PCI DSS is a particularly thorough security standard which requires significant overhead to manage and demonstrate the security of card data, often costing companies $100k+ per year. That’s why organizations who handle cardholder data use Evervault to de-risk and de-scope their environments.
Becoming PCI Compliant
Evervault provides a hand held approach to help organizations de-risk their environments and minimize the effort required to become PCI DSS compliant. Once you begin the process of becoming PCI compliant, We will provide you with a PCI Policy Pack, which is a downloadable collection of documents and checklists to walk you through the process of becoming PCI compliant. The process can be broken down into the following core steps:
1. Understanding your requirements
The first step to becoming PCI compliant is understanding which requirements apply to your business. You do this by understanding how card data flows through your organization and mapping out the systems supporting those flows. This becomes the basis for PCI Scope (Cardholder Data Environment - CDE). There are four levels of PCI compliance, each with different requirements depending on various factors such as the number of transactions processed annually.
Level 1
Applies To
- Service Providers processing over 300,000 transactions annually
- Merchants processing over 6 million transactions annually
Requirements
- Annual Report on Compliance (RoC) by a Qualified Security Assessor (QSA)
- Quarterly network scans by an Approved Scanning Vendor (ASV)

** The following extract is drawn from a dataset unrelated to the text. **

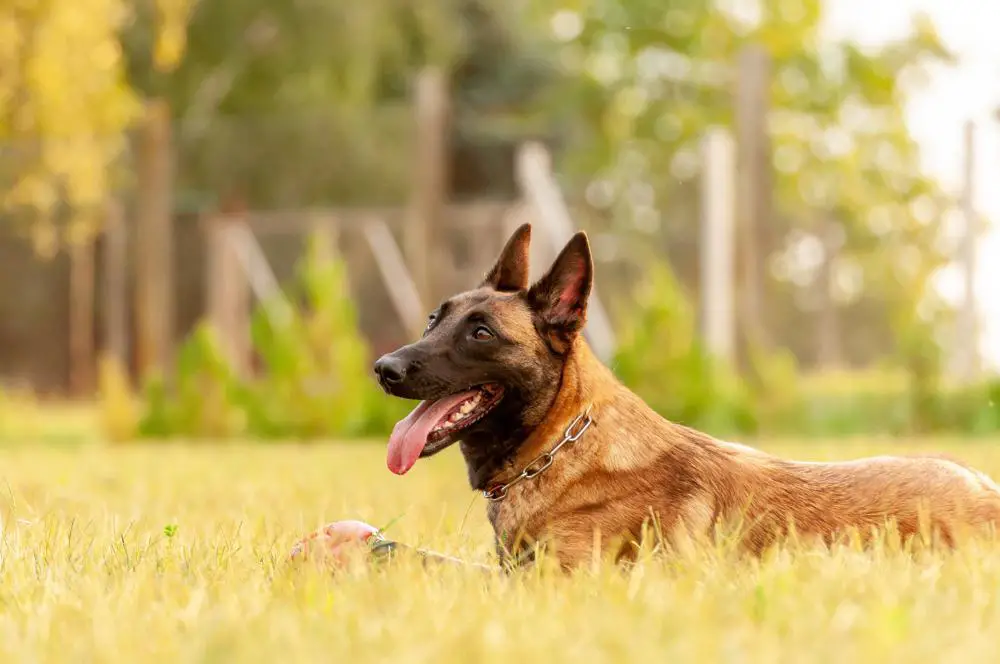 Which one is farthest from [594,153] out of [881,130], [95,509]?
[95,509]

- Internal and External Penetration testing at the Application and Network layers
- Completion of the Attestation of Compliance (AoC) form
Level 2
Applies To
- Service Providers processing less than 300,000 transactions annually
- Merchants processing between 1 million and 6 million transactions annually
Requirements
- Annual Self-Assessment Questionnaire (SAQ)
- Quarterly network scans by an Approved Scanning Vendor (ASV)

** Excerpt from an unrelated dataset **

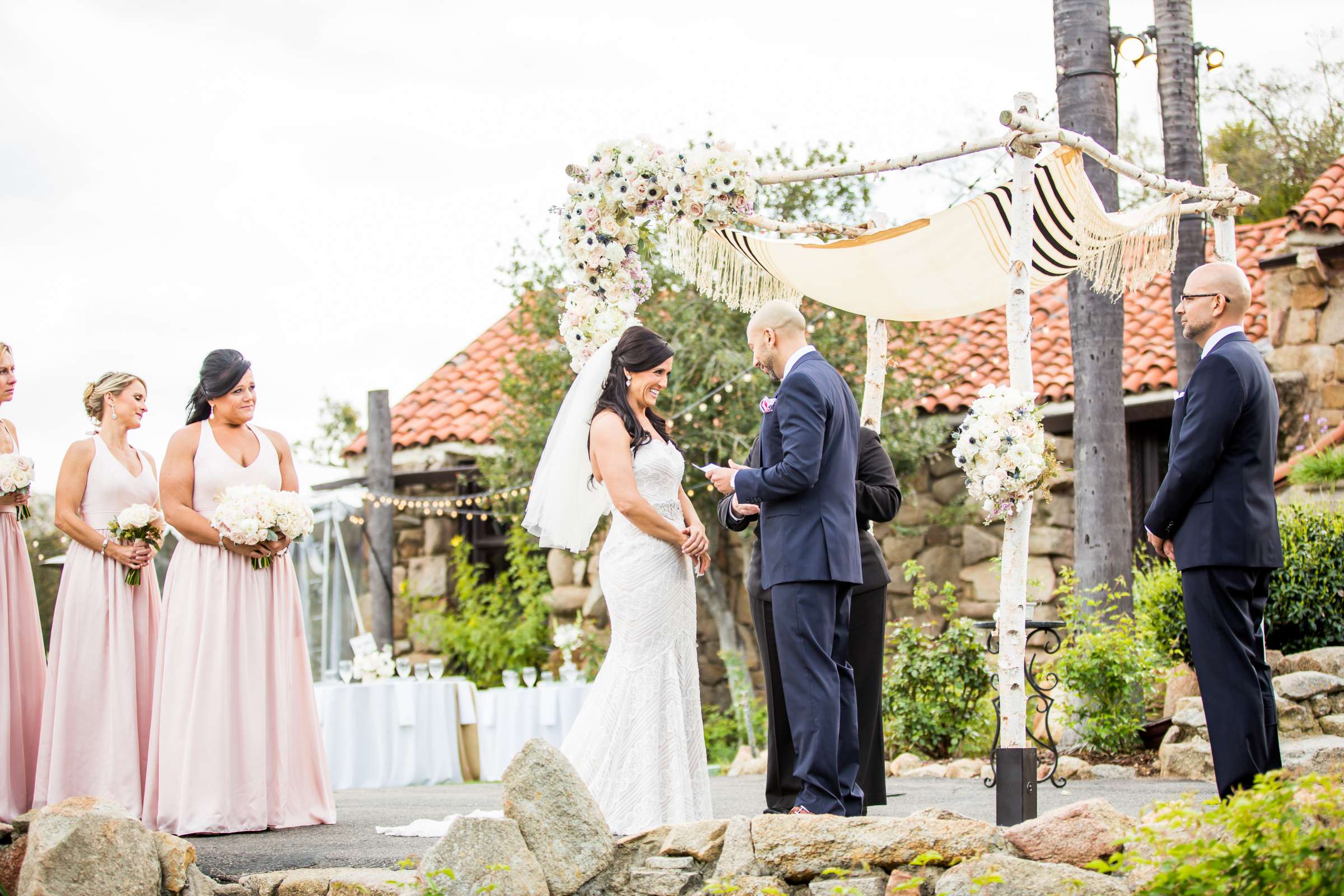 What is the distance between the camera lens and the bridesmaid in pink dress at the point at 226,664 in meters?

- Completion of the Attestation of Compliance (AoC) form
Level 3
Applies To
- Merchants processing between 20,000 and 1 million transactions annually
- Service Providers can not be categorized as Level 3
Requirements
- Annual Self-Assessment Questionnaire (SAQ)
- Quarterly network scans by an Approved Scanning Vendor (ASV)

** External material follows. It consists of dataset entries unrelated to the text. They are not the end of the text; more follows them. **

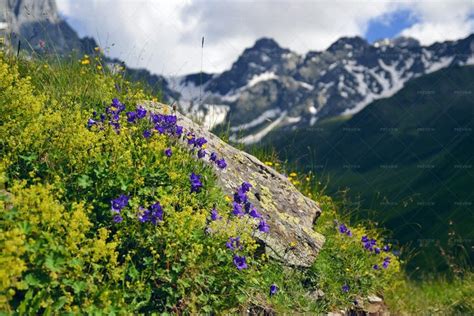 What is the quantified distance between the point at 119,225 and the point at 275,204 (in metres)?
3.26

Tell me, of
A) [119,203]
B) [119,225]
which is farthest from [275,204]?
[119,203]

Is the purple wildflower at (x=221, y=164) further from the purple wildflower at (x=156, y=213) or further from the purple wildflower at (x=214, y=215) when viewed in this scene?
the purple wildflower at (x=156, y=213)

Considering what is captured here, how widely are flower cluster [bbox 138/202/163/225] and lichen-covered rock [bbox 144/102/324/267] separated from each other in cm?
187

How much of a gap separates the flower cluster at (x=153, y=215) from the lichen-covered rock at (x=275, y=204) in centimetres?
187

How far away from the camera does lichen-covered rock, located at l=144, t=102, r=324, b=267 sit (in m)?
8.05

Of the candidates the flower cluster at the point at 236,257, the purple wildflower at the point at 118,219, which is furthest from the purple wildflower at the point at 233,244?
the purple wildflower at the point at 118,219

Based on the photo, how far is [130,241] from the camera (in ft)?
20.4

- Completion of the Attestation of Compliance (AoC) form
Level 4
Applies To
- Merchants processing less than 20,000 transactions annually
- Service Providers can not be categorized as Level 4
Requirements
- Annual Self-Assessment Questionnaire (SAQ)
- Quarterly network scans by an Approved Scanning Vendor (ASV)
- Completion of the Attestation of Compliance (AoC) form
2. Reducing your scope
The Cardholder Data Environment (CDE) comprises people, processes, and technologies that store, process, or transmit cardholder data or sensitive authentication data. PCI DSS requirements apply to all system components included in or connected to the CDE. In the simplified diagram below—which describes a system handling plaintext credit card data—all components are in scope for the 300+ PCI DSS Requirements, because they directly store, process or transmit card data (or connect to systems which store card data). For developers impacted by these requirements, it becomes critical that you secure the data, infrastructure and code in your CDE.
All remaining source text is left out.